— REQUIRED WORK —
Omit the pictures and reproduce the rest of the listing exactly.
====== DATASET SECTION
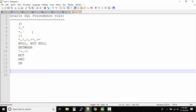Let us look at one example. Assume in a query you have an expression: salary multiplied by 100, divided by 5, then add 20, divided by 10, then minus 5. This is the expression we have in our SQL query.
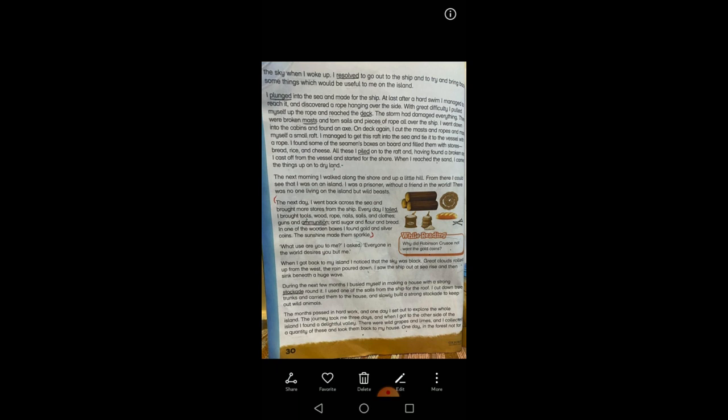I plunged into the sea — underline plunged, which means to dive. Because he was a good swimmer, he dived and swam towards the ship. After a hard swim, I managed to reach it and discovered a rope hanging over the side. With great difficulty, I pulled myself up the rope and reached the deck — the deck is the floor of the ship. The storm had damaged everything: there were broken masts — the long pillars attached to the ship — and torn sails.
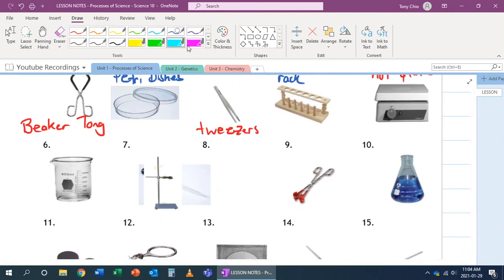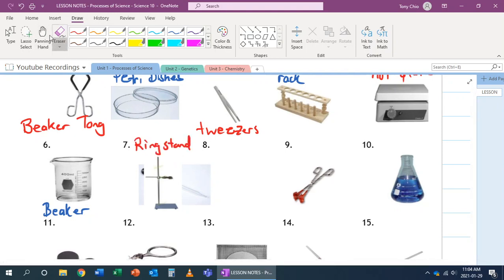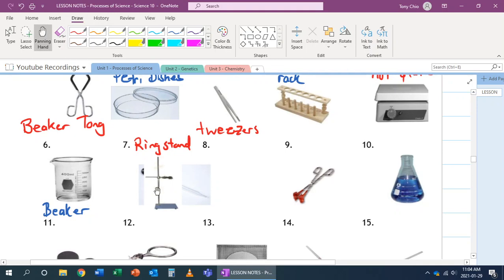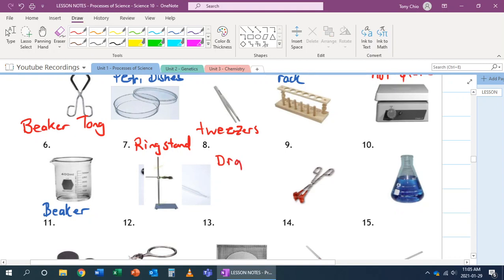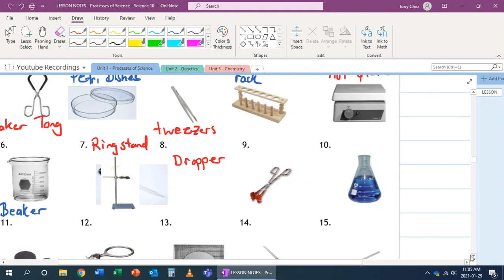Number six. Number six is called a beaker. It is used to temporarily mix and hold solutions. Number seven is actually this one right here. This is called a ring stand. And what you do is you can attach many different pieces of equipment in order to conduct experiments and hold them together. Number eight is actually the one behind, and that is our dropper. It's used to dispense and transfer liquids.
============
— TASK RESPONSE —
Let us look at one example. Assume in a query you have an expression: salary multiplied by 100, divided by 5, then add 20, divided by 10, then minus 5. This is the expression we have in our SQL query.
I plunged into the sea — underline plunged, which means to dive. Because he was a good swimmer, he dived and swam towards the ship. After a hard swim, I managed to reach it and discovered a rope hanging over the side. With great difficulty, I pulled myself up the rope and reached the deck — the deck is the floor of the ship. The storm had damaged everything: there were broken masts — the long pillars attached to the ship — and torn sails.
Number six. Number six is called a beaker. It is used to temporarily mix and hold solutions. Number seven is actually this one right here. This is called a ring stand. And what you do is you can attach many different pieces of equipment in order to conduct experiments and hold them together. Number eight is actually the one behind, and that is our dropper. It's used to dispense and transfer liquids.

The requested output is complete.